■ **What to work on**
As soon as the line containing "Férfi magas derekú" appears in the material below, start returning lines exactly, and end with the line containing "Medieval Lift Elevator 3D Model".
━━ Dataset excerpts ━━
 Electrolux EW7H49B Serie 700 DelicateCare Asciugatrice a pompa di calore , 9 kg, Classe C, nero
━━━
━━ Dataset excerpts ━━
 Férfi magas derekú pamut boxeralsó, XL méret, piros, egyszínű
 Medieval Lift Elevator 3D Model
━━━
■ **Answer to the problem**
 Férfi magas derekú pamut boxeralsó, XL méret, piros, egyszínű
 Medieval Lift Elevator 3D Model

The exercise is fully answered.